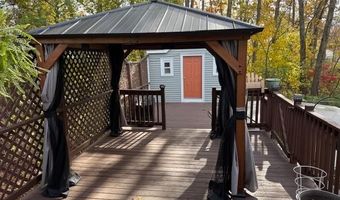 11 Woodside Ave, Cumberland, RI 02864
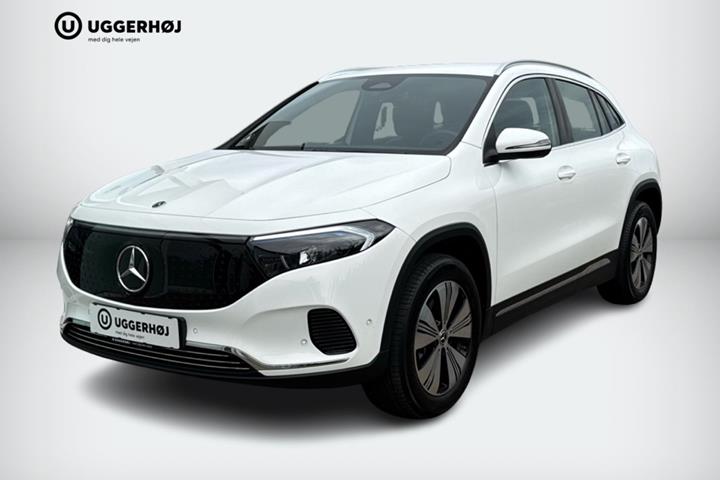 Hvid Mercedes EQA250+ fra 2025 set udefra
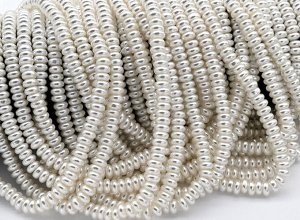 Бусины из майорки рондель 7*3мм цв.белый, 40см, 130 бусин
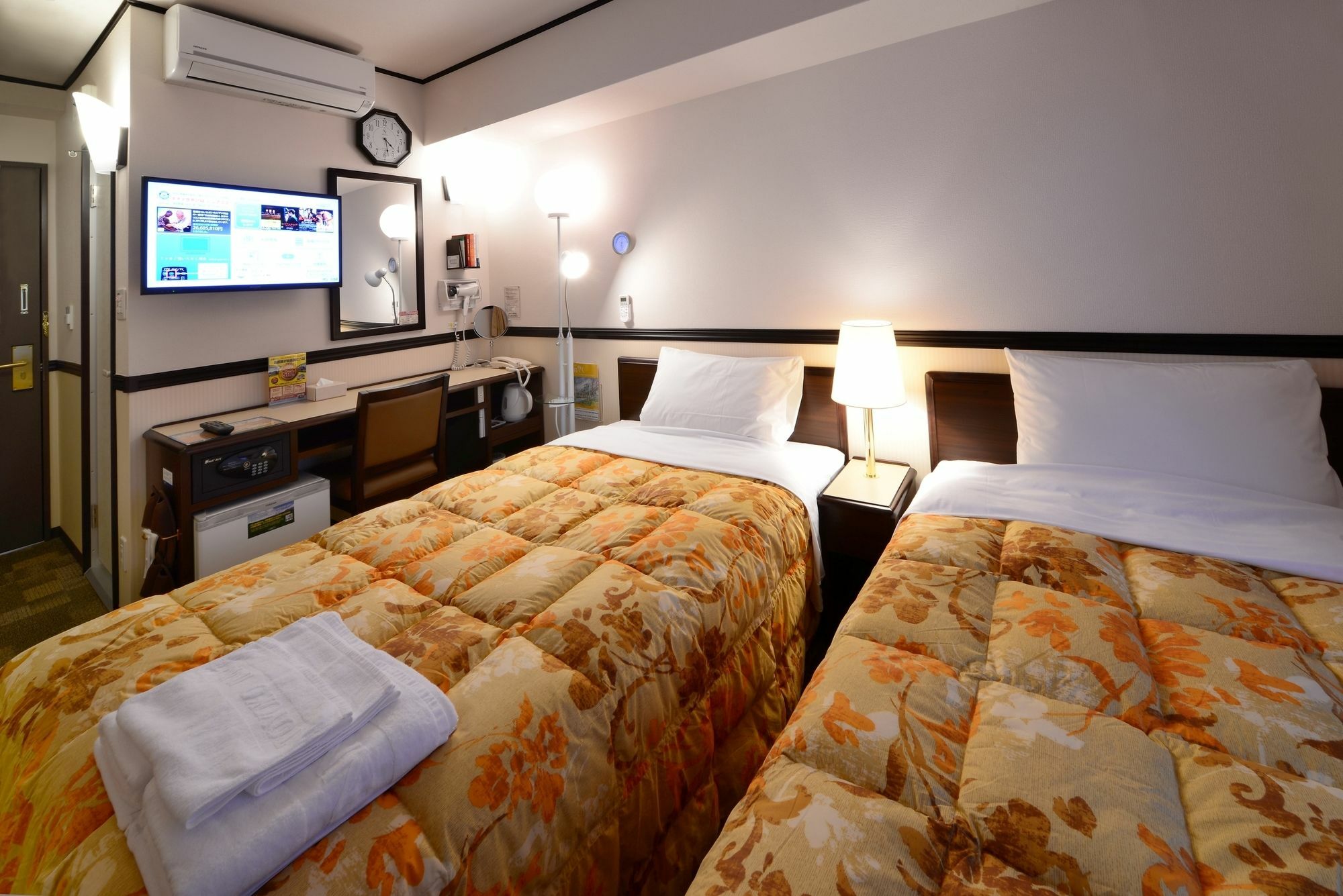 Toyoko Inn Osaka Tsuruhashi Ekimae Dış mekan fotoğraf
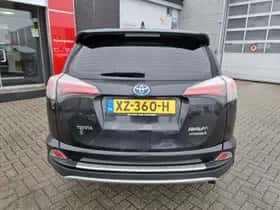 Toyota RAV4 (2016) thumbnail 12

PROBLEM DESCRIPTION -
Set down exactly, line for line, the data from the line that contains "Toyoko Inn Osaka" through its last line, keeping pictures out.

ANSWER TO THIS PROBLEM -
 Toyoko Inn Osaka Tsuruhashi Ekimae Dış mekan fotoğraf
 Toyota RAV4 (2016) thumbnail 12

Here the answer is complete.